Para que os alunos possam, futuramente, executar obras “a sério”, em vez de os enviarmos directamente para uma espécie de clandestinidade, houve a preocupação de, neste curso, introduzir um programa que os inserisse no contexto dos procedimentos inerentes ao processo de uma construção e que possibilitasse a eficaz interacção com todos os possíveis parceiros nesse processo.
Assim, para além de aulas futuras em que se abordará temas como a segurança na obra, a organização de estaleiro, as medições, compra, armazenamento e gestão de materiais, equipamentos e recursos, hoje tivemos a primeira aula dentro desta vertente mais complementar do trabalho de construção civil, dedicada à correcta interpretação de desenho técnico, incluindo a compreensão das noções e características de desenhos de planta, corte, alçados e detalhes construtivos, e respectivos códigos de representação gráfica.
Procurando que todos os conhecimentos teóricos adquiridos durante as aulas sejam sempre enquadrados numa perspectiva muito prática e utilitária pelos alunos, procedemos, de imediato, à transposição dos desenhos de projecto do edifício a construir por eles para o terreno, introduzindo as técnicas e métodos de nivelamento do terreno, nomeadamente através da utilização da mangueira de nível e das estacas e guias de referência.
É gratificante constatar a súbita compreensão dos conhecimentos teóricos que a experiência empírica provoca nos alunos – sobretudo, e com maior intensidade e quase surpresa, naqueles com fracos níveis de escolaridade e menos habituados a estudar e a assimilarem informação teórica e conhecimentos científicos – dos doze alunos, apenas dois têm o 12º ano (ou classe, como por aqui se diz), um tem o 9º, dois têm o 8º, três têm o 7º, outros três têm o 6º, e um tem apenas o 5º!

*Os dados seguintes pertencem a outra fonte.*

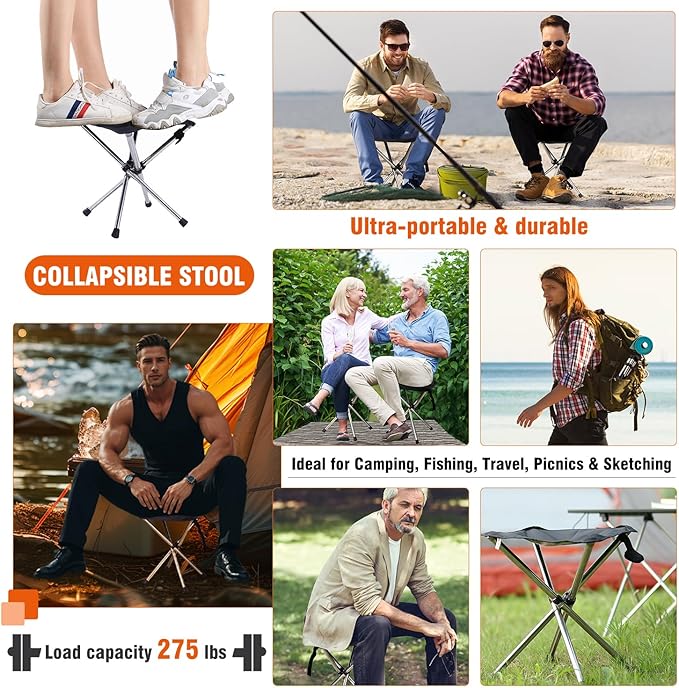 JVZI® Ultra-Light Camping Stool - 1-Second Quick Setup, Adjustable Height & Foldable Design, 275lbs Capacity for Camping, Fishing, Hiking & Outdoor Activities (1)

quarta-feira, maio 10, 2006

10 Maio 2006 - Dia 02

































































Noções de geometria, sistema de triangulação e regra 3-4-5, para marcações no terreno.
Depois, exercícios reais de marcação de plantas “inventadas”.
Alguns deles ontem já perguntavam “Vamos só escrever? Não vamos fazer nada prático?”
Note-se que isto foi cerca de 15 minutos depois de começarmos a primeira aula teórica…
De facto, só dois alunos têm o 12º ano, e os outros variam, havendo mesmo quem tenha apenas o 5º.
E nem pensar em fazer paralelismos com o nosso ensino, porque o nível é, de facto, muito baixo, quer em termos de conhecimentos adquiridos, quer, inclusivamente, em termos de capacidades de raciocínio científico, de aprendizagem, de concentração e de espírito crítico…
Acrescente-se que muitos deles escrevem muito mal (mesmo muito mal) e alguns nem falam nem percebem português com facilidade plena (e os meus conhecimentos de Ronga e de Xangana ainda são escassos…)
Da parte da tarde, marcação de eixos no terreno de obra.
Entretanto, dadas as condições e todo o contexto, achámos por bem alterar o projecto radicalmente – na sua forma, implantação e, inclusivamente, função.
A ideia inicial era a de construir uma casa para uma das famílias, servindo essa de protótipo para outras futuras.
Isto encerrava dois problemas “filosóficos”:
O primeiro era que, se queríamos que a construção fosse pedagógica, ela teria de abarcar uma série de situações possíveis e de enfrentar uma série de dificuldades técnicas criadas previamente com o intuito de aguçar o engenho dos formandos na sua resolução. Isto originaria que a casa a construir fosse maior, melhor e mais elaborada que as existentes (que são de condições muito insatisfatórias – mesmo para casas de realojamento…), o que poderia dar azo a mecânicas sociais pouco positivas, dentro do bairro (sobretudo dando origem a sentimentos de privilégio ou injustiça, uma vez que as casas são atribuídas igualmente a todas as famílias).
O outro problema era o de se poder vir a entender que a utilização de terra crua na construção (presente nas populações rurais noutras partes do país) era, de alguma forma, um retrocesso face à utilização do betão, e que isso constituía um abandono da qualidade das construções atribuídas.
Para evitar estes possíveis problemas, resolvemos construir um edifício de apoio à casa existente destinada a receber os voluntários que para aqui vêm trabalhar na comunidade por períodos mais ou menos demorados.
Esta casa dos voluntários é, actualmente, a única (para além dos alojamentos da comunidade religiosa que rege este bairro) que tem água canalizada e instalações sanitárias incorporadas – as restantes casas do bairro têm um sistema de latrinas (individuais, por cada fogo) no fundo da machamba (horta).
Assim sendo, mostrar à comunidade que estas pessoas “evoluídas”, vindas do “ofuscante mundo ocidental” e com capacidade económica para virem até Moçambique “passar uns tempos a ajudar os pobrezinhos” escolheram a terra como material para construir a sua própria casa, onde vão ficar alojados, mesmo depois de já terem uma em betão, pode ser o melhor catalizador para a futura aceitação desta técnica na zona.
Como quando se apresenta um projecto a um cliente: não chega que ele goste, é preciso que ele o passe a desejar!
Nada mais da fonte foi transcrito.